The National Labor Relations Board (NLRB) recently strengthened the ability of unions to gain a foothold in a workplace by organizing sub-groups of employees when they are unable to get more broad-based support among co-workers. On July 22, the Board decided to hold an election limited to the Cosmetics and Fragrance employees at a Macy’s store. Other sales employees were not included in the vote. Employers, particularly those in the retail industry, should pay close attention to the way that they structure their workforce. Differences may open them to such focused union organizing efforts.

Under the National Labor Relations Act, employees can petition the NLRB to conduct a secret ballot election to determine whether a majority of the employees in a particular “bargaining unit” wish to be represented by a union for purposes of collective bargaining. If a majority of the employees in the bargaining unit vote in favor of representation, then the union becomes the representative of all the employees in that bargaining unit. The question in the Macy’s case was how narrowly the petitioning union could draw the lines for a “bargaining unit.”

In 2011, the NLRB held an election among all the employees at the Macy’s store in Saugus, Massachusetts to determine whether they would be represented by the United Food and Commercial Workers union. The union lost the election. In 2012, the union filed a petition to represent a subset of the store’s employees - only the employees who worked selling cosmetics and fragrances. Macy’s argued that segregating the cosmetics and fragrance employees from its other retail sales employees was improper, and that the smallest bargaining unit should be all employees who sold goods at the store.

The NLRB held that a unit consisting of only the cosmetics and fragrance employees was an appropriate unit, and ordered that an election be held just among that group. It analyzed the evidence presented at the representation hearing and decided that Macy’s had not proven that other employees shared an “overwhelming” community of interest with the cosmetic and fragrance salespeople. Thus, the union now has the opportunity to convince a much smaller group of employees to vote in favor of representation and perhaps create a beachhead in the store for further organizing efforts.

While couched in language indicating that this was a straightforward application of long-standing law, this decision would almost certainly have gone the other way under previous administrations. It indicates the current NLRB's greater willingness to facilitate union organizing.
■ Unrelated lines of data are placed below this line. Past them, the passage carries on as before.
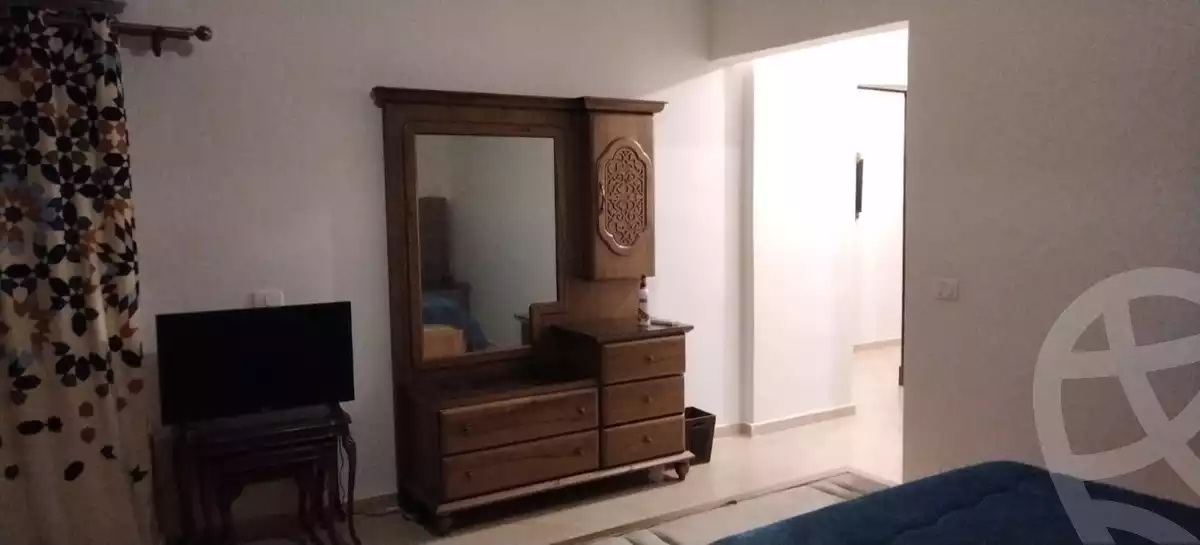 https://aqarmap.com.eg/ar/listing/6377239-for-sale-cairo-el-sheikh-zayed-city-compounds-dr-msr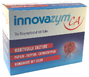 Sanopharm Innovazym CA Tabletten 120ST 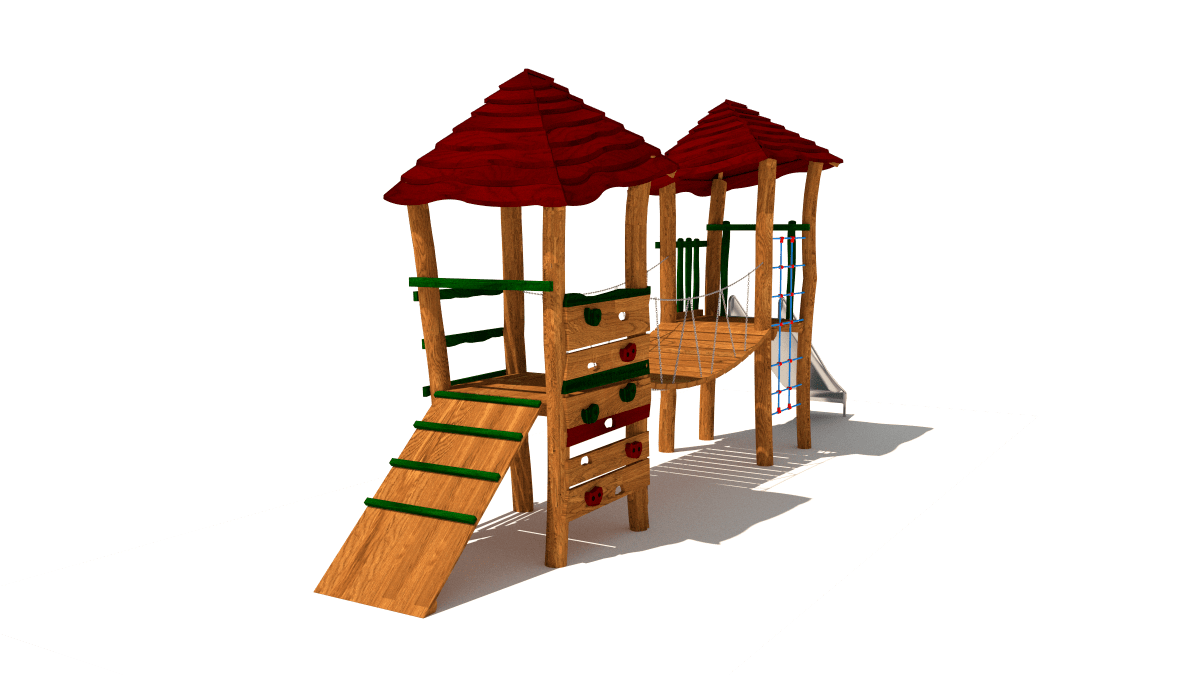 HH1I03 203 sestava RARASEK standard 02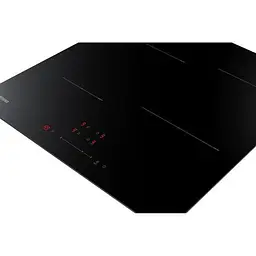 Варильна поверхня електрична Samsung NZ64T3707A1 - мініатюра 5
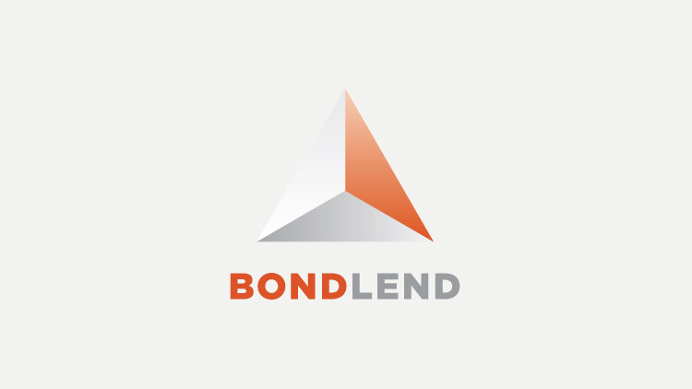 EquiLend BondLend Rebrand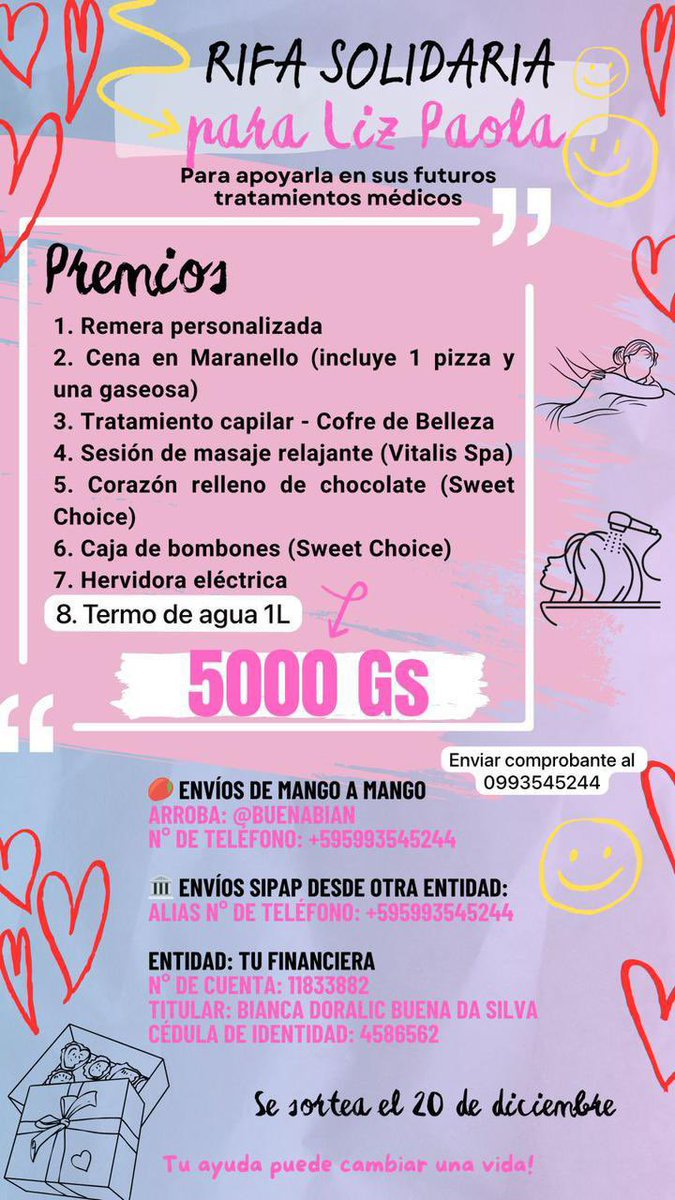 Cami De Loof tweet media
The potential proliferation of “micro-units,” such as the sub-group of sales employees, will combine with the imminent regulations shortening the time period for pre-election hearings and campaigns to put employers facing unexpected union organizing petitions at a significant disadvantage. The consequence of losing an election for a sub-group like this are likely worse for an employer than having a larger unit organized because both the employer and the union will be focused on the impact of bargaining on unrepresented employees working side by side with the represented employees, making negotiations more difficult and divisive.
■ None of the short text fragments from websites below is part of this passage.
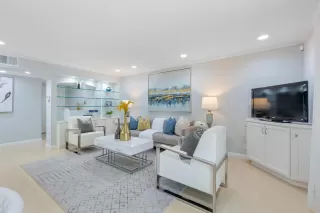 Photo #3: ML81927183 Listing 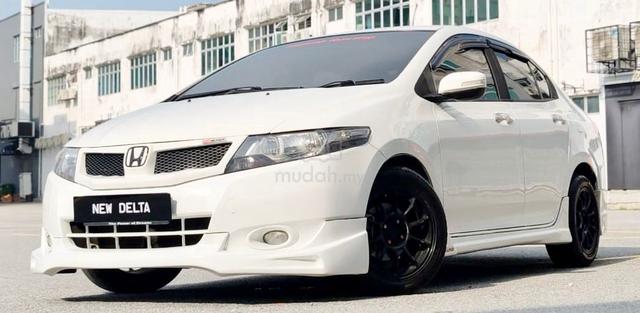 [💥MUGEN PEARLWHiTE🤩]2010 LADYOWN CITY TMO E(A) - 1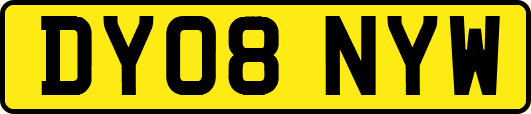 DY08NYW
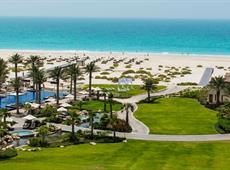 Park Hyatt Abu Dhabi Hotel & Villas 5*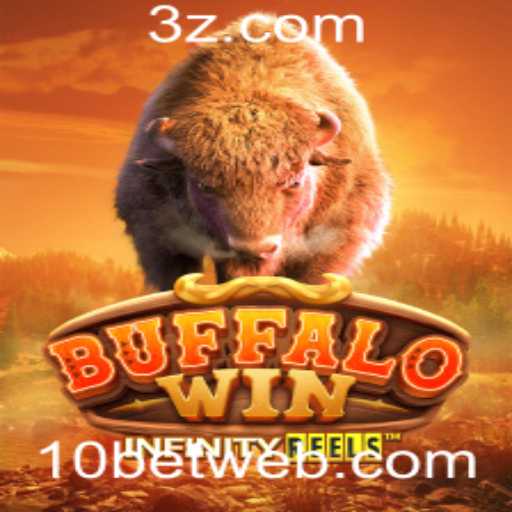 Explorando o Mundo de BuffaloWin: Uma Experiência de Jogo Imersiva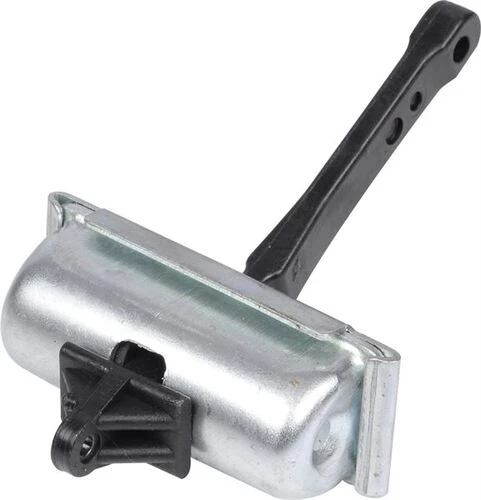 Kitatech 1458  Kapı Gergisi Ön Ford Ranger 98-12 Everest 03 - ürün görseli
Significantly, a week after the Macy’s decision, the Board issued a decision that seemed to go the other way. In that case, a union petitioned for an election among all the women’s shoe salespeople at a Bergdorf Goodman store. The requested unit included all the salespeople in the store’s “salon unit” and all those members of the “Contemporary Sportswear” department that sold shoes. The Board held that the proposed unit was not appropriate because it did not coincide at all with the way the employer organized its workforce. While not a determinative factor in all cases, the fact that the Union sought to organize a department and a half, as opposed to 1 department or even 2 combined departments, made the unit inappropriate.

In light of these cases, and the imminent regulations, employers should review their organizational structure and decide whether to make changes that might avoid such “micro-units.” Now more than ever employers need to understand how the NLRA works, because they will not have the luxury of time once a petition is filed.